Not an all-grain brewer myself but I would add some flaked corn in there. Always smell this when I walk past the brewery. Also I'd ditch the yeast and culture some from a 6 pack of dark or white ale (same yeast in both) or buy WLP-022 Essex ale yeast. If your bottling, prime the bottle with honey (buy local). I have no idea what the hops are but a random stab, ditch the PoR and use a NZ bittering hop.

Hope that helps

Cheers


----------



## super_simian (18/3/11)

Well, I haven't brewed a clone, but I have visited the brewery and a) the yeast is "English", not Chico and b ) they use rolled oats in the mash.


----------



## jakub76 (18/3/11)

Here's my latest wit recipe version. It's not a white rabbit clone but I did borrow their idea of priming with honey though it doesn't really stand out. 

Jeu d'esprit II - Spiced Belgian Wit
24 litres 
3.25 kg	Wheat Malt
2kg Pilsner Malt
500g Rolled Oats (Supermarket Quick Oats) not cooked

30g Hallertau (Pellets, 3.9% AA)	60mins

15g	Corriander Seeds (10g seeds I crushed, 5g ground)	5min
Zest of 2 large navel oranges 5min
1	Star Anise 5min
14g	Chamomile Tea (9 tea bags) 5min

WLP400	Belgian Wit

12 IBU based on 69% efficiency (15 IBU Rager)

My last version had the zest of 6 oranges and it was way too prominent so this time it's just 2 oranges. I have used US-05 in the past to ferment a raspberry wheat beer - I bottled a six pack without fruit just to see how it tasted and the US-05 had stripped out all of the flavour...it was very watery and unexciting beer, which of course was good for the raspberries to shine through. I would look at using a different yeast.


----------



## Malted (18/3/11)

Pride of Ringwood & US05 - sounds more like an aussie ale with lots of wheat. 

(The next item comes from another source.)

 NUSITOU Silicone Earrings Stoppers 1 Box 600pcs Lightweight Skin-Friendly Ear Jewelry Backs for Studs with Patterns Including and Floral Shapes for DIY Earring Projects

I have not had a White Rabbit White Ale nor I have I used PoR, but would have thought a noble hop would suit a wheat better? and a Wheat yeast to drive more banana flavours. 
I did a 50:50 ale:wheat & a noble hop (can't remember which), single infusion at 67oC and a Bavarian wheat yeast at 20oC and it was terrific. No honey but heaps of banana. I later did a wheat that was a bit fancier with more ingredients and a double infusion and it was terrible. 
Maybe if it was a wheat ale you're going for with a fruit character (maybe would give a honey sense) - maybe use Coopers yeast?


----------



## eamonnfoley (18/3/11)

Malted said:


> Pride of Ringwood & US05 - sounds more like an aussie ale with lots of wheat.

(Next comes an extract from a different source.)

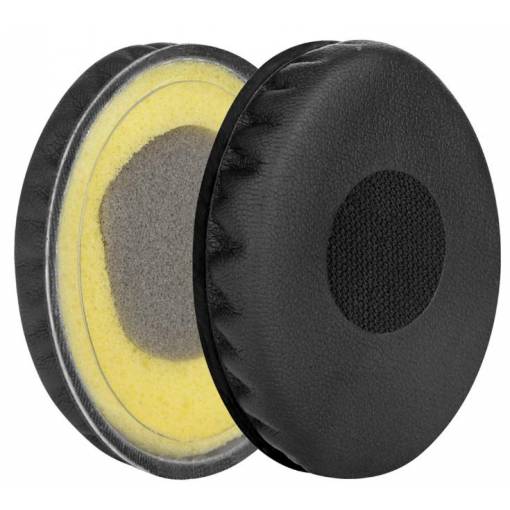 Foto - Căști de înlocuire pentru căști Sennheiser HD218, 219, 220, 228, 229 - negre, din piele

Because thats what it tastes like! :lol: Not much going on in this beer IMO


----------



## egolds77 (18/3/11)

Cheers MNB,

I think I read somewhere from a google search that the hops where POR, not something I'd choose myself either. 

Always dubious about culturing a starter from a bottle unless it says that it has been unpasturised and bottle conditioned. Could just end up culturing a starter of Larger yeast for all I know. 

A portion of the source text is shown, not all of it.